Two projects to bring grocery stores to Daytona Beach’s booming LPGA Boulevard corridor are closer to becoming a reality.

General contractor Jon M. Hall Company recently began clearing land on the north side of LPGA Boulevard, just west of Interstate 95, to make way for a highly anticipated Publix-anchored shopping center called Latitude Landings.

“We expect to go vertical with the first phase before the end of the year and opening in late 2019,” said the project’s developer Sam Sutton, president of Sutton Properties.

The 85,000-square-foot initial phase will include a 48,000-square-foot Publix Supermarket as well as a 14,000-square-foot Publix liquor store.

“We look forward to announcing some more tenants closer to the end of the year,” he said, adding that the initial phase will include a restaurant.

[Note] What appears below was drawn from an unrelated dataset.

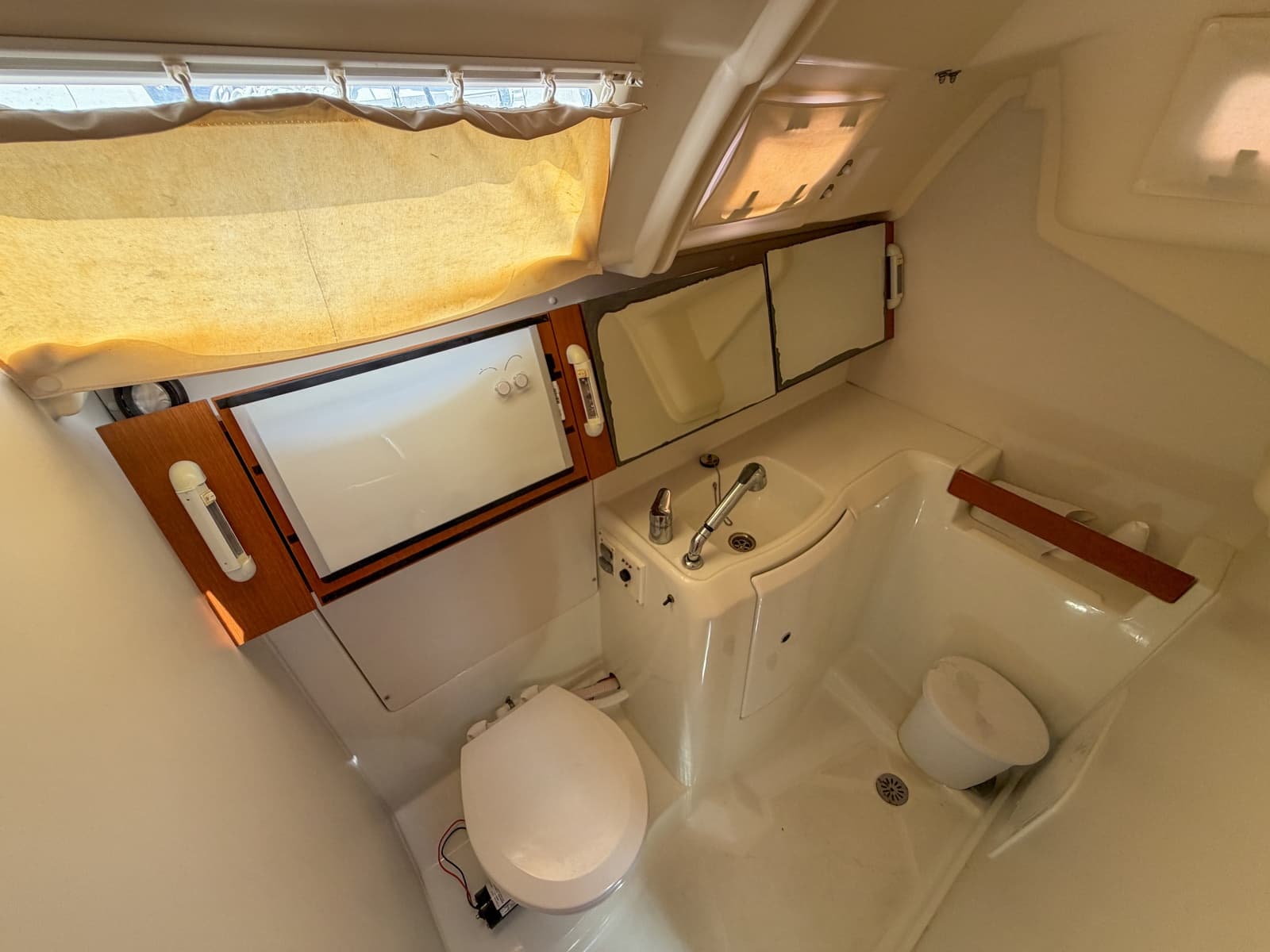 2011 Beneteau Oceanis 34 - Photo 18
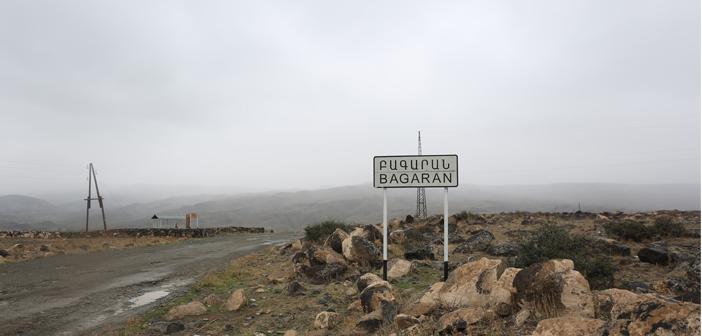 Sınırları aşarak birbirini tanıyan komşular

Meanwhile, a new developer has taken over another planned retail project just east of Interstate 95: a grocery store-anchored retail center called Williamson Ridge Shopping Center at the northeast corner of LPGA and Williamson boulevards.

Tailwinds Development is best known locally for developing the Publix grocery store-anchored Country Club Corners shopping center in DeLand.

The Lake Mary-based developer recently erected “COMING SOON Grocery Anchored Center” signs for its latest project.

The developer is also circulating fliers to local commercial real estate agents and brokers that include a site map for Williamson Ridge showing three available outparcels in yellow as well as two connected “inline” store pads in red.

The outparcels would allow two standalone stores of up to 9,000 square feet in size and one of up to 7,000 square feet.

The inline stores would be a 30,000-square-foot yet-to-be named grocer and an adjacent 14,000 square foot pad, also for a tenant yet to be determined.

The disclosure of Tailwind’s pending land purchase comes a year-and-a-half after seller Consolidated-Tomoka Land Co. announced that a developer had put the property under contract.

The site is an L-shaped property that borders the existing 2-story Concierge office building at 1616 Concierge Blvd., both on its west and north sides.